Action item. Copying task for the records below: reproduce each one exactly and drop the pictures.

[Exercise data — start]

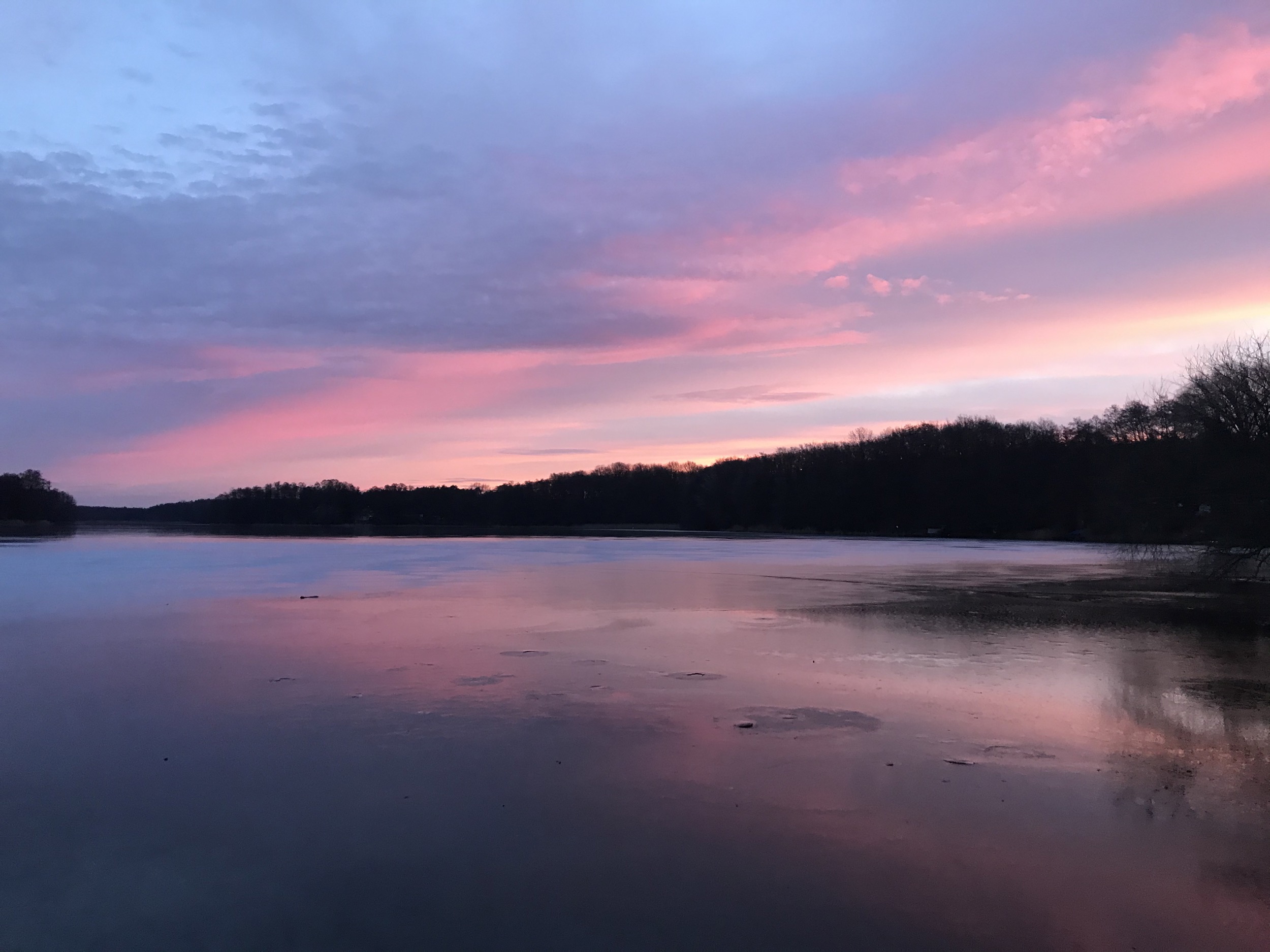 kersdorfer see sonnenaufgang lila wolken villa kersdorf briesen ferienhaus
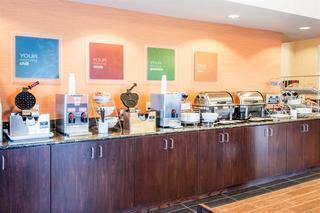 Hotel Comfort Inn & Suites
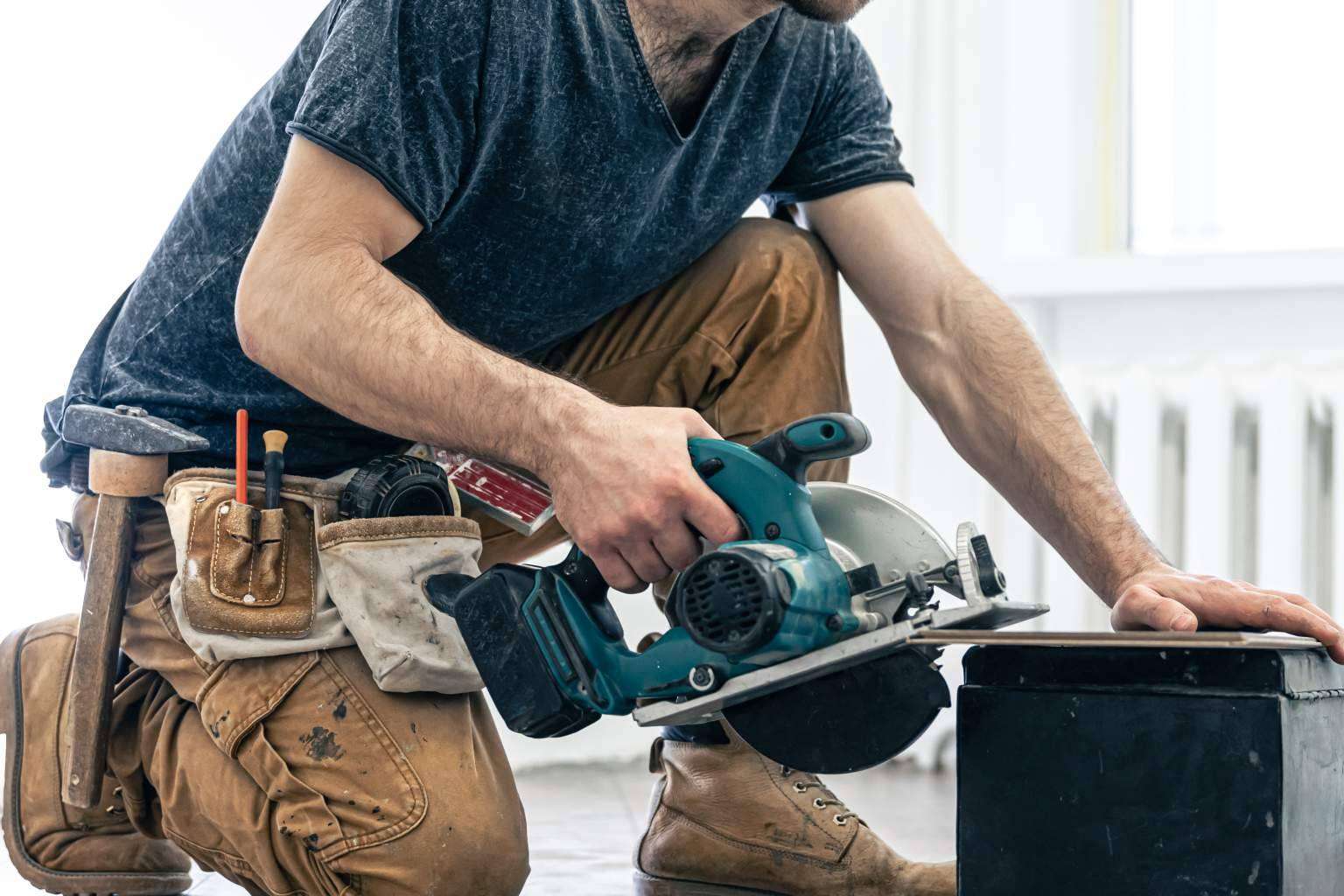 El portal de servicios inmobiliarios y profesionales del hogar para particulares y profesionales, Casasenocasion.com
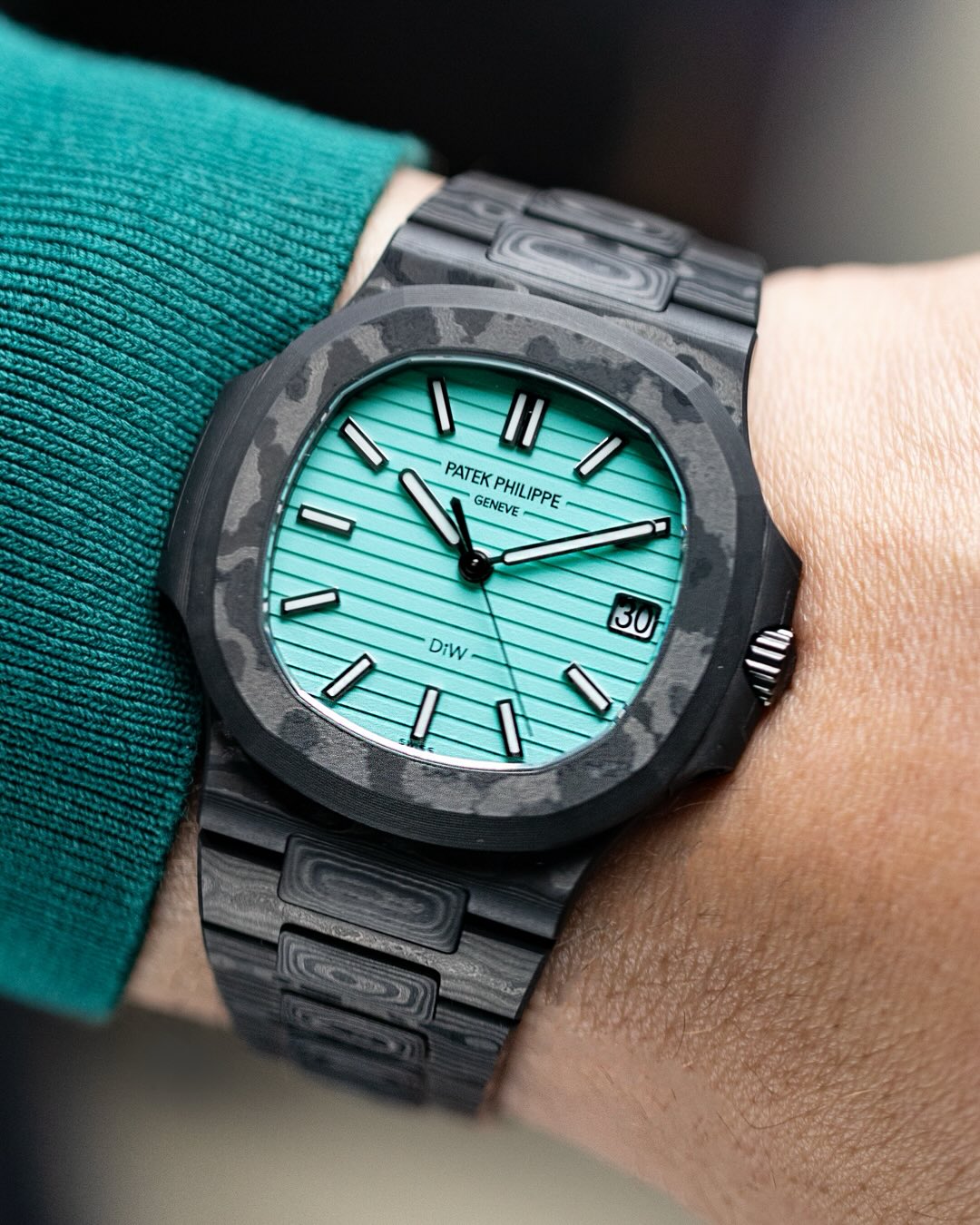 The Rarest All-Carbon Tiffany Patek Nautilus CELESTE 蒂芙尼蓝全碳纤维鹦鹉螺 5711 | WORLDTIMER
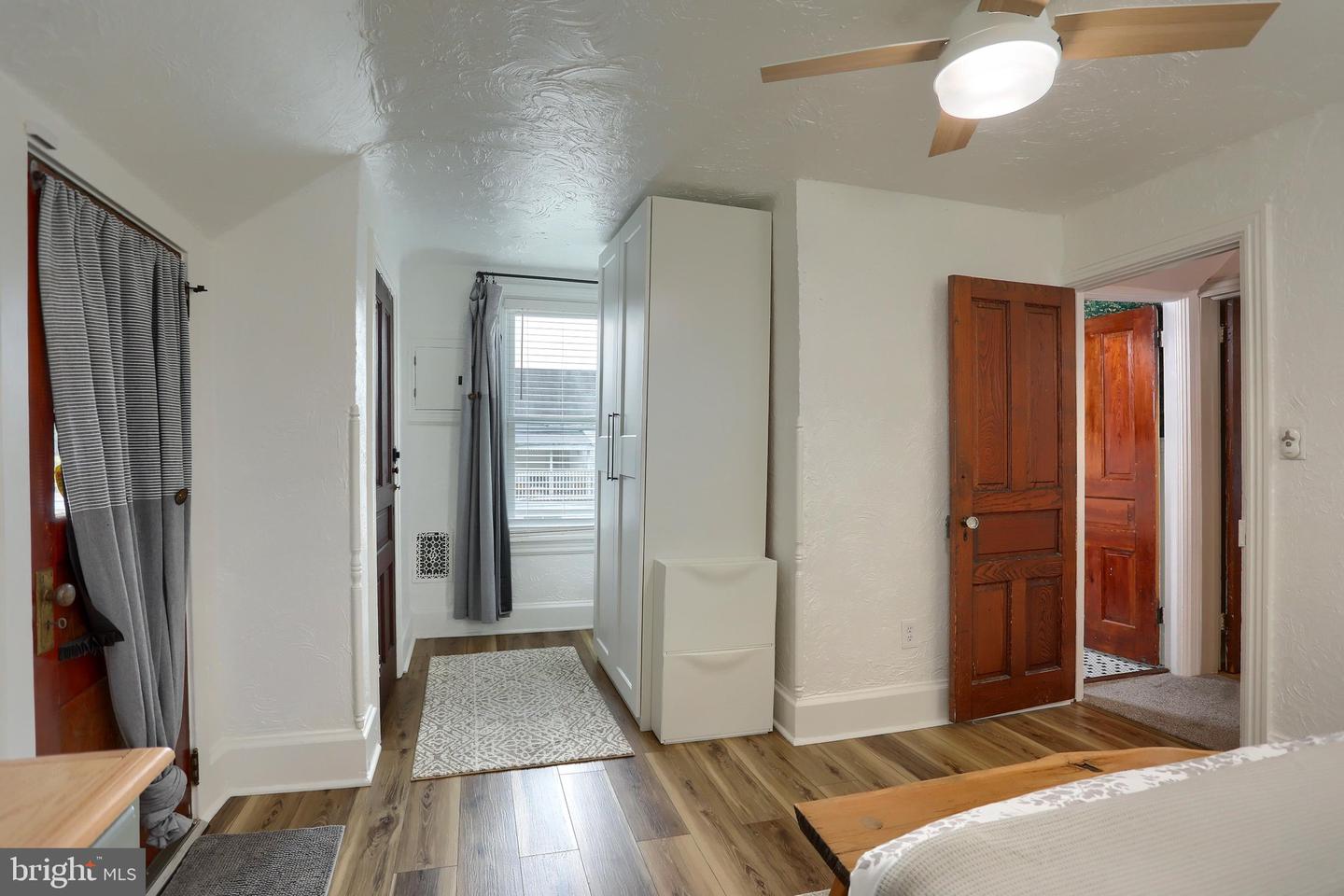 3105 N River St Property Photo 28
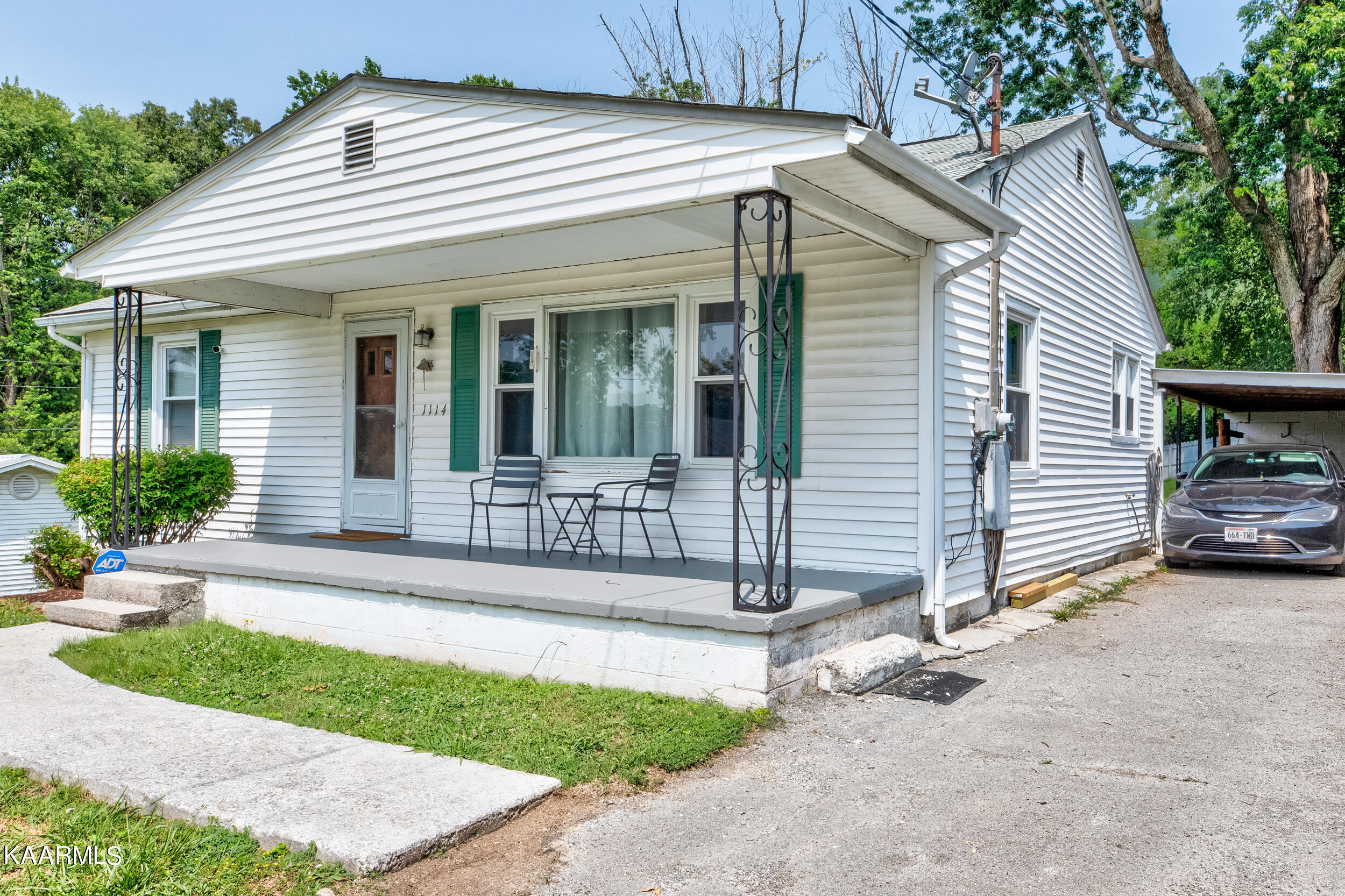 1114 W Walden St, LaFollette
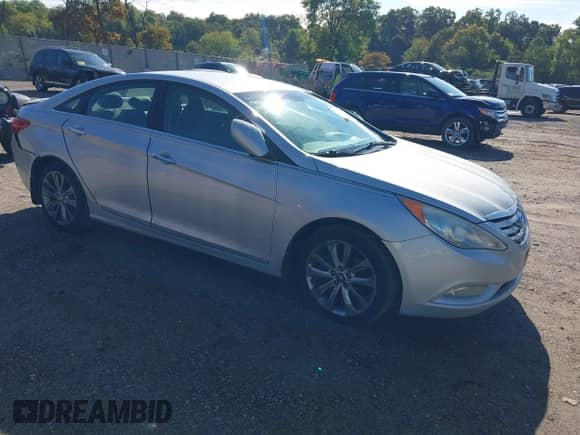 2011 Hyundai Sonata Limited с VIN 5NPEC4AC6BH249227, выставлен на аукционе IAAI как лот 43310946 с пробегом 189 692 миль миль и . История ставок и продаж доступна на DreamBid. Изображение 1.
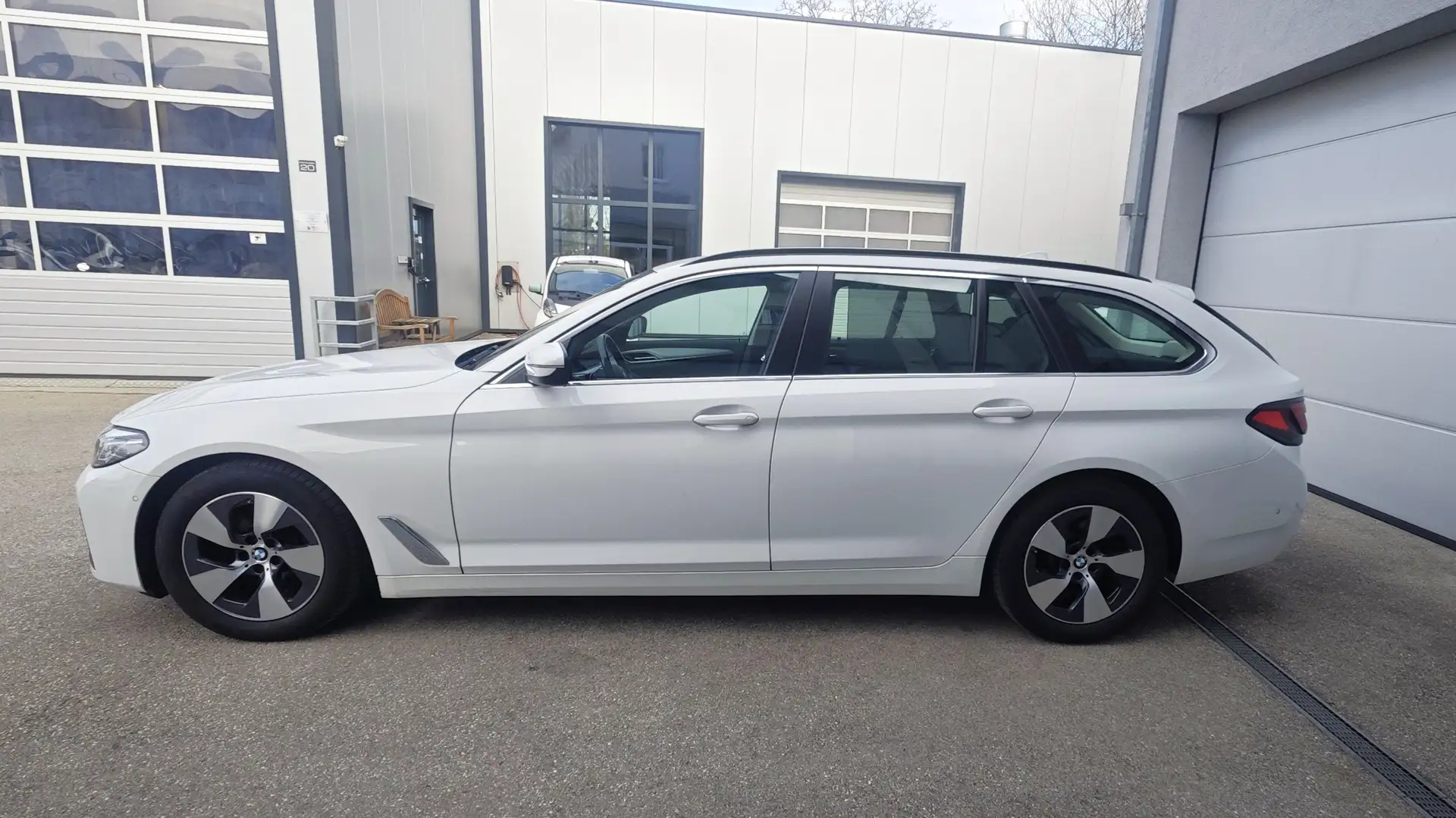 BMW 520 d Touring Automatik, 1 Besitzer, NP € 71.581,- Weiß - 2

[Exercise data — finish]

Answer to this task.
 kersdorfer see sonnenaufgang lila wolken villa kersdorf briesen ferienhaus
 Hotel Comfort Inn & Suites
 El portal de servicios inmobiliarios y profesionales del hogar para particulares y profesionales, Casasenocasion.com
 The Rarest All-Carbon Tiffany Patek Nautilus CELESTE 蒂芙尼蓝全碳纤维鹦鹉螺 5711 | WORLDTIMER
 3105 N River St Property Photo 28
 1114 W Walden St, LaFollette
 2011 Hyundai Sonata Limited с VIN 5NPEC4AC6BH249227, выставлен на аукционе IAAI как лот 43310946 с пробегом 189 692 миль миль и . История ставок и продаж доступна на DreamBid. Изображение 1.
 BMW 520 d Touring Automatik, 1 Besitzer, NP € 71.581,- Weiß - 2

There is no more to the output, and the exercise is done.